I have been a fairly hands-off manager who travels 1/4 of the time. Although I'd try to schedule meetings with my staff and remember to give them some feedback, I really appreciated if it they managed their needs for this by scheduling meetings with me if they really needed some time with me. Of course, if they had overdone that, it would have driven me crazy, but meetings every few weeks would have been ok.

However, it doesn't sound like you necessarily need more time with your boss. I found it helpful to have peer relationships with people in a different area of the organisation to get some feedback or suggestions on an approach to a particular issue.
posted by AnnaRat at 4:44 PM on April 18 [1 favorite]


You need a tiered list where urgent stuff and important stuff takes precedence over anything else. It's really just a matter of prioritizing. Your boss really shouldn't do that for you, unless she is micromanaging and giving you tasks, rather than delegating responsibilities. If deadlines are not given or aren't clear, ask so you can property prioritize and plan your day/week.
posted by AppleTurnover at 6:12 PM on April 18


It's too much to keep up with on an everyday basis, but keeping a time diary for a day can help you pinpoint what you really need.

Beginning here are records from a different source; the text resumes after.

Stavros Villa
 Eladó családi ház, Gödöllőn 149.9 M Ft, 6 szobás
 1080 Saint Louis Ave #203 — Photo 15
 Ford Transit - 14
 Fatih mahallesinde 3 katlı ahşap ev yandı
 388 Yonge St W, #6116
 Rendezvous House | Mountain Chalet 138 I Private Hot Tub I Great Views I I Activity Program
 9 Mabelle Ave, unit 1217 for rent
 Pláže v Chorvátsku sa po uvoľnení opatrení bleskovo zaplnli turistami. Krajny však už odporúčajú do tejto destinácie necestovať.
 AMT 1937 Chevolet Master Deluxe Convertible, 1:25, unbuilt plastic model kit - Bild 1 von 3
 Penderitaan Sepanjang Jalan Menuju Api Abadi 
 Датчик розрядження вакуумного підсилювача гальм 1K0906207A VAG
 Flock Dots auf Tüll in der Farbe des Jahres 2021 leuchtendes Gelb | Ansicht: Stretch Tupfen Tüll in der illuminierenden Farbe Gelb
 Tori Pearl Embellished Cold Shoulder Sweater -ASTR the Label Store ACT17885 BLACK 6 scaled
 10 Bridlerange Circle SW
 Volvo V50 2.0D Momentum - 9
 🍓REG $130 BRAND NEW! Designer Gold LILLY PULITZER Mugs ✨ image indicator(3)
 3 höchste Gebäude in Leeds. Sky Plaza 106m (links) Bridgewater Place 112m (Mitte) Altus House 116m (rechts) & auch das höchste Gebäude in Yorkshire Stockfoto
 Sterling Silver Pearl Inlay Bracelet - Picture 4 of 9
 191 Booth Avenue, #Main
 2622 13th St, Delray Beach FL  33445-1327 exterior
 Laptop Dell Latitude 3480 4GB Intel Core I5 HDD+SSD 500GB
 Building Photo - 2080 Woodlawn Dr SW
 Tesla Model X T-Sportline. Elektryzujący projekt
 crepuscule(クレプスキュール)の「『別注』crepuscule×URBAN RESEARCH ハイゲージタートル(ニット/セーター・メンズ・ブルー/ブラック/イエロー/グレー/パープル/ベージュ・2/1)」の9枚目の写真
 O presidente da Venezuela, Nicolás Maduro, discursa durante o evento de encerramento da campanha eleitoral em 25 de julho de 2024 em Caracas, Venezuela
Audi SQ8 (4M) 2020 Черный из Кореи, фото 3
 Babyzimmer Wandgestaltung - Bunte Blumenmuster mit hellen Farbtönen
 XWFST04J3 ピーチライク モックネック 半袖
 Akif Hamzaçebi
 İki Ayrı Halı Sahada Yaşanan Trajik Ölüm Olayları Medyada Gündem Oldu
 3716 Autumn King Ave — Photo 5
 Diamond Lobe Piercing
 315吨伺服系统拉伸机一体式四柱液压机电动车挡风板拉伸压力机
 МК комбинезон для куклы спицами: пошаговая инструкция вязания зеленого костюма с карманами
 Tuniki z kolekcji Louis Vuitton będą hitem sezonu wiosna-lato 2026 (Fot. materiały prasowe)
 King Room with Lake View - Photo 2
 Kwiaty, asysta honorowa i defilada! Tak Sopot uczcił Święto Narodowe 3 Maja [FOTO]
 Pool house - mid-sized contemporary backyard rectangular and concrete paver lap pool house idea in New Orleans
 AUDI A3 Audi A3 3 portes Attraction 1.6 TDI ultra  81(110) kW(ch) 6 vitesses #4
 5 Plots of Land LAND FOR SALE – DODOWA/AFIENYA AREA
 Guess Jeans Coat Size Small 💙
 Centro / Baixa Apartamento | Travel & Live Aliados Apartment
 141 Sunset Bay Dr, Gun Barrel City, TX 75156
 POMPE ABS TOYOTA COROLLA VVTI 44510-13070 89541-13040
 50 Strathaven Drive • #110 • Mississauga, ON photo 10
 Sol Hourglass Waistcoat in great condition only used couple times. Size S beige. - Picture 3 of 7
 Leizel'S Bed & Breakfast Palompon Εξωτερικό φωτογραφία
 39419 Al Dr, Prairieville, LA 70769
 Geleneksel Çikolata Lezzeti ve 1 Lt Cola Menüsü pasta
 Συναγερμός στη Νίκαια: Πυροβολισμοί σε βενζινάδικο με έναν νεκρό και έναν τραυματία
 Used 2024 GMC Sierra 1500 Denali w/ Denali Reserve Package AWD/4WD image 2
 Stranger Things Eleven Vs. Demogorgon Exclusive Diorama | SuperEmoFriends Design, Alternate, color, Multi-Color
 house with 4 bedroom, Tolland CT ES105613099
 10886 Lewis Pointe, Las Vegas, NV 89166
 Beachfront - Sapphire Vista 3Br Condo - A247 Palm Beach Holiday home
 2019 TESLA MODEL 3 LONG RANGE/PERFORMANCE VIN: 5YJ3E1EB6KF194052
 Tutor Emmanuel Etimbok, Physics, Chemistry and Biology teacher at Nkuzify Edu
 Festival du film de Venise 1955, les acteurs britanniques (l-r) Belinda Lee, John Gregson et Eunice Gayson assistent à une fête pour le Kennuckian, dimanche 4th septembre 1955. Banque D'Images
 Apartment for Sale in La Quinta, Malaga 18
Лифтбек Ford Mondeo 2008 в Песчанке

Write down every task you do, whether a work task or a break time relaxation thing, including the starting time and the ending time.

If you're staying an hour late, but you spent 4 15-minute breaks on the internet, there's your answer.

If you are doing low-priority work because there's nothing else to do for a while, and then you get slammed with a bunch of high-priority urgent tasks, maybe you can request more lead time on those types of tasks.
posted by Bentobox Humperdinck at 7:55 AM on April 19


It sounds like you should focus on time management, not look for assistance from a supervisor. It might help to use the rocks in a jar analogy for time management: structure your day around "big rocks" of time, things that will take a significant amount of time and are important, then fill in the day with more small things, leaving +/- 20% of your day for things that pop up.

Also, be sure to schedule in breaks for yourself, as a way to help stay focused. Mental breaks are good, but physical breaks (getting out for a short walk) are usually better. It may feel silly to add 15 minute "take a walk" breaks to your calendar, but it can help.